Complete step by step solution:
Given equation is \[y = \dfrac{1}{4}{u^4}\]
Let’s calculate the derivate of the above equation with respect to \[u\].
\[\dfrac{{dy}}{{du}} = \dfrac{d}{{du}}\left( {\dfrac{1}{4}{u^4}} \right)\]
Now we will apply the formula \[\dfrac{d}{{dx}}\left( {cf\left( x \right)} \right) = c\dfrac{d}{{dx}}\left( {f\left( x \right)} \right)\]
\[\dfrac{{dy}}{{du}} = \dfrac{1}{4}\dfrac{d}{{du}}\left( {{u^4}} \right)\]
Now we will apply the power rule of derivative
\[\dfrac{{dy}}{{du}} = \dfrac{1}{4} \times 4{u^{4 - 1}}\]
\[ \Rightarrow \dfrac{{dy}}{{du}} = {u^3}\]
The second equation is
\[u = \dfrac{2}{3}{x^3} + 5\]
Let’s calculate the derivate of the above equation with respect to \[x\].
\[\dfrac{{du}}{{dx}} = \dfrac{d}{{dx}}\left( {\dfrac{2}{3}{x^3} + 5} \right)\]
Now we will apply the sum rule of derivative.
\[\dfrac{{du}}{{dx}} = \dfrac{d}{{dx}}\left( {\dfrac{2}{3}{x^3}} \right) + \dfrac{d}{{dx}}\left( 5 \right)\]
Now we will apply the formulas \[\dfrac{d}{{dx}}\left( {cf\left( x \right)} \right) = c\dfrac{d}{{dx}}\left( {f\left( x \right)} \right)\] and \[\dfrac{{dc}}{{dx}} = 0\]
\[\dfrac{{du}}{{dx}} = \dfrac{2}{3}\dfrac{d}{{dx}}\left( {{x^3}} \right) + 0\] [since 5 is a constant so it’s derivative will be zero]
Apply the power rule of derivative
\[\dfrac{{du}}{{dx}} = \dfrac{2}{3} \times 3{x^{3 - 1}}\]
\[ \Rightarrow \dfrac{{du}}{{dx}} = 2{x^2}\]

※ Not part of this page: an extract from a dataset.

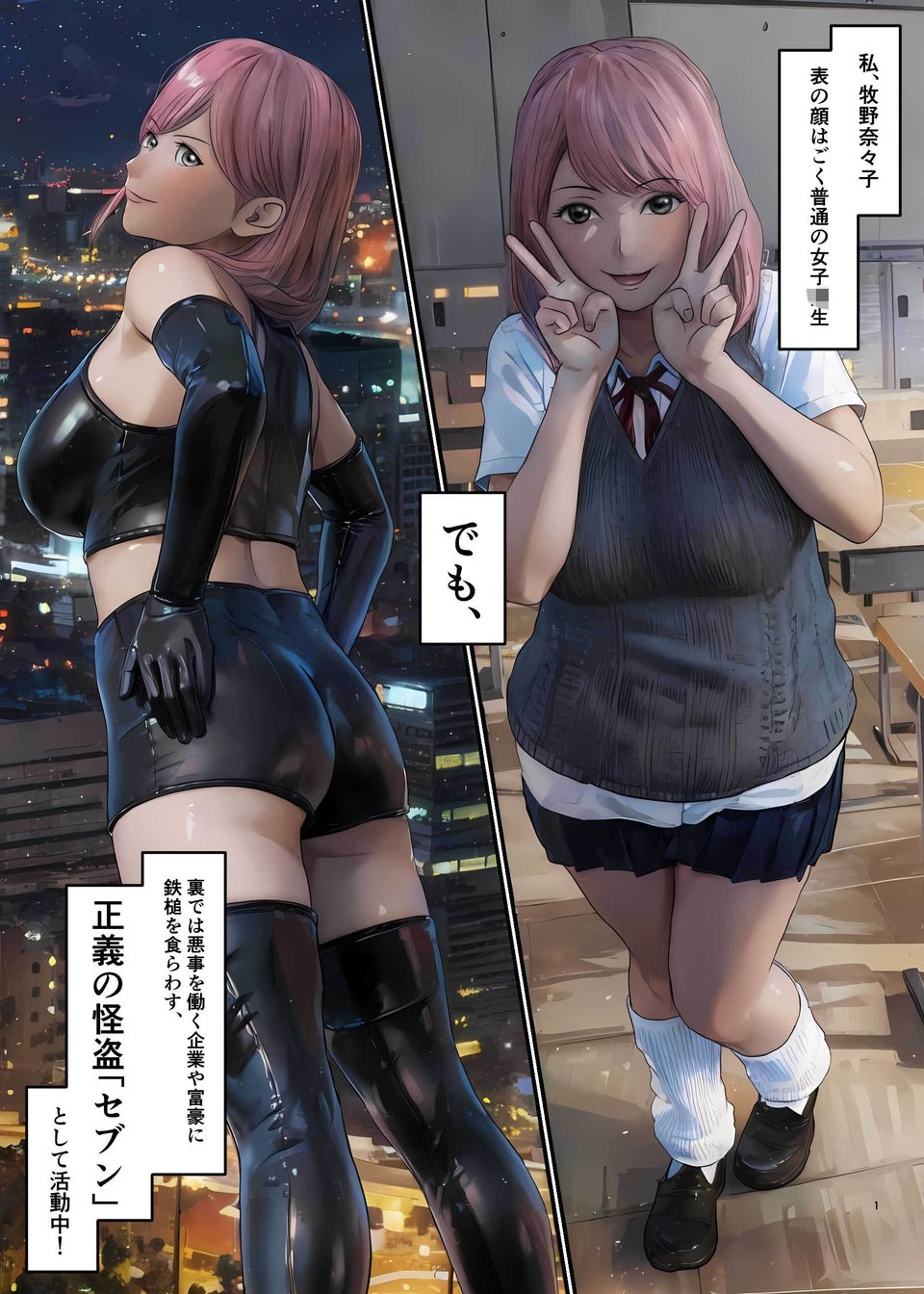 美少女怪盗セブンのおしおき！絶頂タイム 1 ページ目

Let’s find the expression for \[\dfrac{{dy}}{{dx}}\] by applying the formula \[\dfrac{{dy}}{{dx}} = \dfrac{{dy}}{{du}} \cdot \dfrac{{du}}{{dx}}\]

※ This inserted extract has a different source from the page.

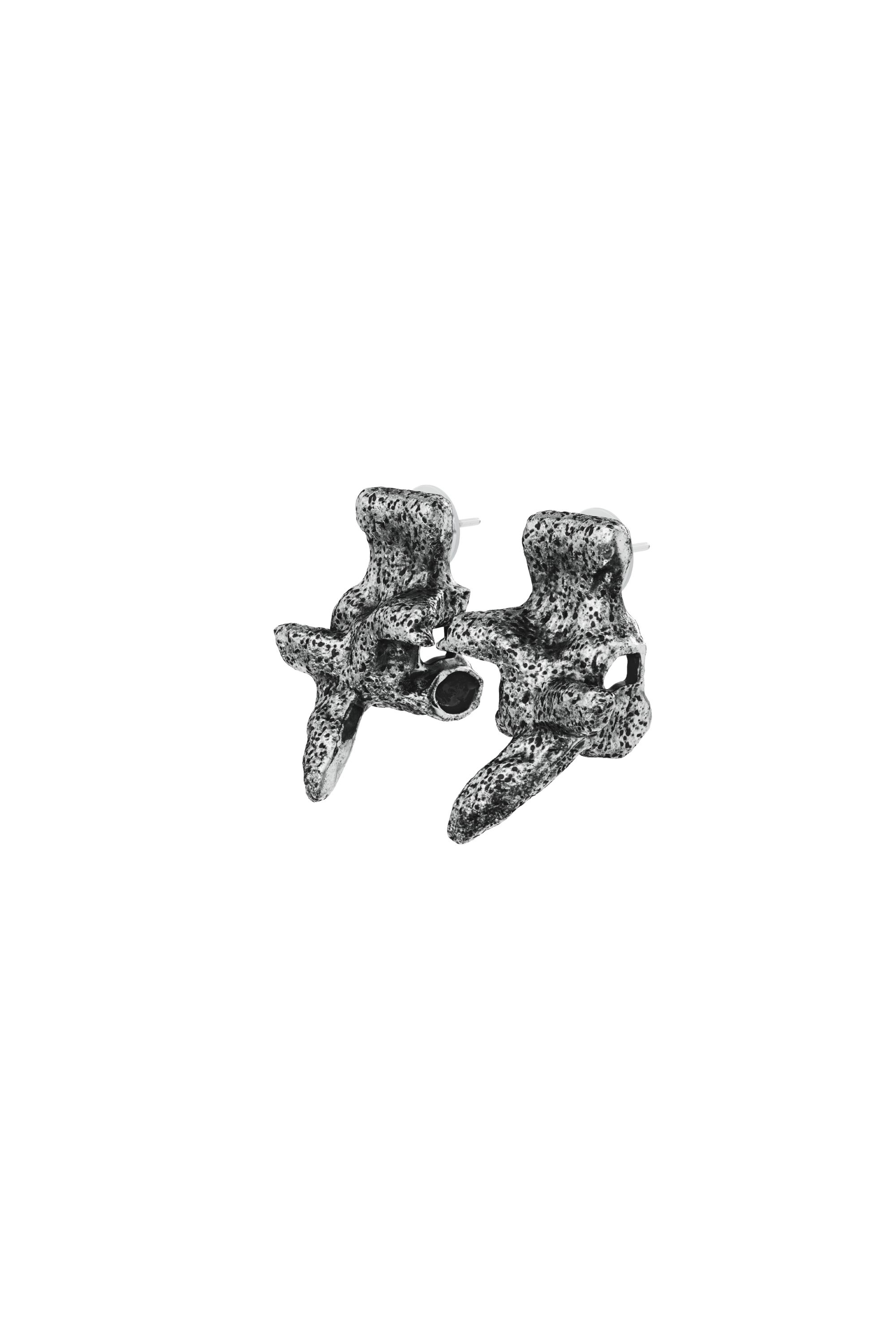 Diesel - DX1710040 JEWELLERY, Unisex Ohrstecker in silberfarben mit Nieten in Dunkelgrau - 1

Putting the values of \[\dfrac{{dy}}{{du}}\] and \[\dfrac{{du}}{{dx}}\]
\[\dfrac{{dy}}{{dx}} = 2{x^2} \cdot {u^3}\]
Now put \[u = \dfrac{2}{3}{x^3} + 5\] in the above equation
\[\dfrac{{dy}}{{dx}} = 2{x^2}{\left( {\dfrac{2}{3}{x^3} + 5} \right)^3}\]

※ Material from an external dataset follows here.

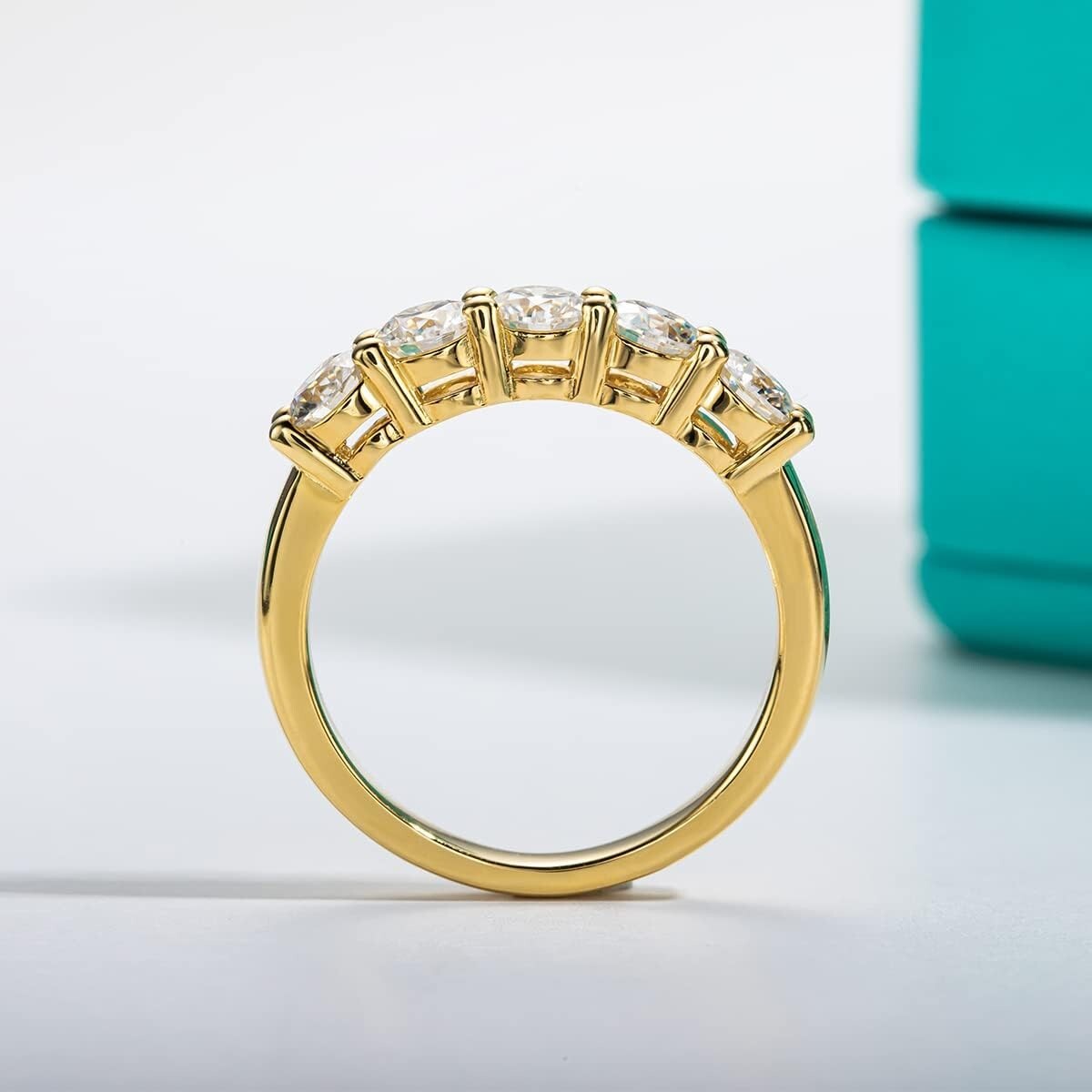 Exquisite 1.5cttw Moissanite Stackable Wedding Band in Yellow Gold Plated Silver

Simplify the above equation
\[\dfrac{{dy}}{{dx}} = 2{x^2}{\left( {\dfrac{{2{x^3} + 5}}{3}} \right)^3}\]
\[ \Rightarrow \dfrac{{dy}}{{dx}} = \dfrac{{2{x^2}}}{{27}}{\left( {2{x^3} + 5} \right)^3}\]

Hence the correct option is option C.

Note: Students are often confused with the formula \[\dfrac{{dy}}{{dx}} = \dfrac{{\dfrac{{dy}}{{du}}}}{{\dfrac{{du}}{{dx}}}}\] and \[\dfrac{{dy}}{{dx}} = \dfrac{{dy}}{{du}} \cdot \dfrac{{du}}{{dx}}\]. But the correct formula is \[\dfrac{{dy}}{{dx}} = \dfrac{{dy}}{{du}} \cdot \dfrac{{du}}{{dx}}\]. \[\dfrac{{dy}}{{dx}} = \dfrac{{\dfrac{{dy}}{{du}}}}{{\dfrac{{du}}{{dx}}}}\] is an incorrect formula. The correct formula should be \[\dfrac{{dy}}{{dx}} = \dfrac{{\dfrac{{dy}}{{du}}}}{{\dfrac{{dx}}{{du}}}}\].